News: Asset reconstruction companies (ARCs) have urged the government to extend pass-through tax status to alternative investment funds (AIFs) investing in security receipts (SRs).
About Pass-Through Tax Status

- Pass-through status is a tax rule where the business or fund itself does not pay corporation tax on its income.
- Normally, the same income can be taxed twice – once as corporation tax at the firm level and again when it is received by shareholders or investors.
- Working mechanism: Under pass-through status, the income generated by the fund (Pass-Through Entities) is taxed only in the hands of the investor, and the fund (Pass-Through Entities) does not pay tax on that same income.

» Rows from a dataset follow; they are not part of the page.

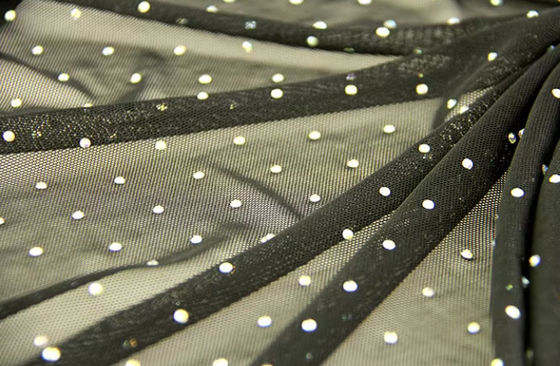 Cuatro lados de malla de poliéster blanco elástico planchar hilo de diamante tridimensional colorido ropa de escenario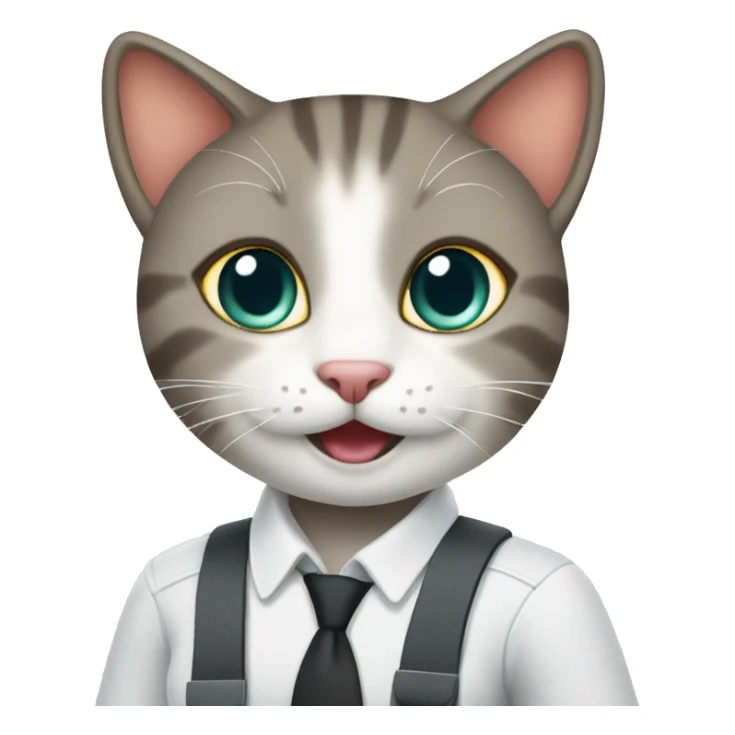  female cat getting a promotion at work sticker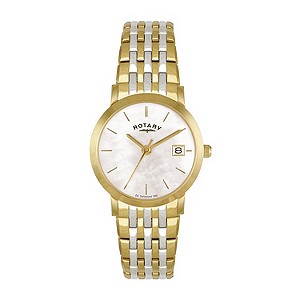 Rotary Ladies' Mother Of Pearl Two Colour Bracelet Watch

- Purpose: This system is used so that income is not taxed twice – it avoids tax at both the fund level and again at the investor level for the same amount.

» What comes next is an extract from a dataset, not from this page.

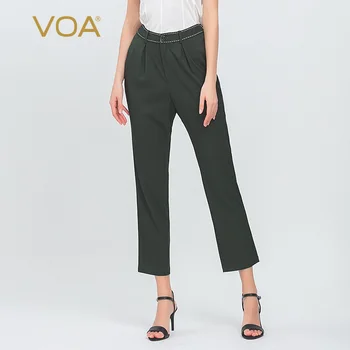 

VOA meter heavy silk discerning skirt waist color contrast arch needle commuting simple micro-elastic straight pants women K979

- Examples of Pass-Through Entities: Examples include sole proprietorships, S corporations, master limited partnerships, limited liability partnerships, and limited liability companies.
- Indian Context:
- In 2014, the Union Budget allowed Real Estate Investment Trusts (REITs), which are pooled vehicles for investing in real estate, to have pass-through status.
- Asset Reconstruction Companies (ARCs) are currently subjected to a steep 42.74% maximum marginal tax on income from Security Receipts (SRs) at the fund level.
- This high tax rate is viewed as a deterrent to investment in ARC trusts.